Suatu terjemahan yang dilakukan tidak professional dan melangkahi akidah dan etika menerjemahkan akan mencederai Hak Moral Pencipta karya yang asli. Karena itu, terjemahan yang tidak professional yang telah menambah, mengubah atau meniadakan beberapa bagian dari karya asli dapat melanggar Hak Moral Pencipta.

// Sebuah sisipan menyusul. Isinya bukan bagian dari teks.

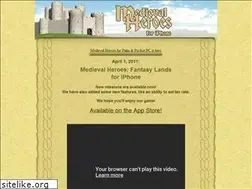 Sites similar to medievalheroes.com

Berdasarkan Pasal 55 jo Pasal 58 UU Hak Cipta, pelanggaran Hak Moral dapat dituntut secara perdata maupun pidana dan UU Hak Cipta memberi hak persona standi in judicio bagi penulis atau ahli warisnya untuk menggugat manakala Ciptaan penulis asli dicederai dengan berbagai cara dan modus operandi seperti:
Ø  Tidak mencantumkan nama Pencipta dalam karya terjemahan.
Ø  Menjual nama Pencipta dengan cara mencantumkan nama Pencipta pada karya orang lain.
Ø  Merubah, menambah, menghilangkan sebagian Ciptaan atau merusak  Ciptaan Pencipta tanpa izin.
Sedangkan ancaman pidana pelanggaran Hak Moral diatur dalam Pasal 72 ayat (6) UU Hak Cipta yaitu pidana penjara paling lama 2(dua) tahun dan denda maksimum 150.000.000,-(seratus lima puluh juta rupiah).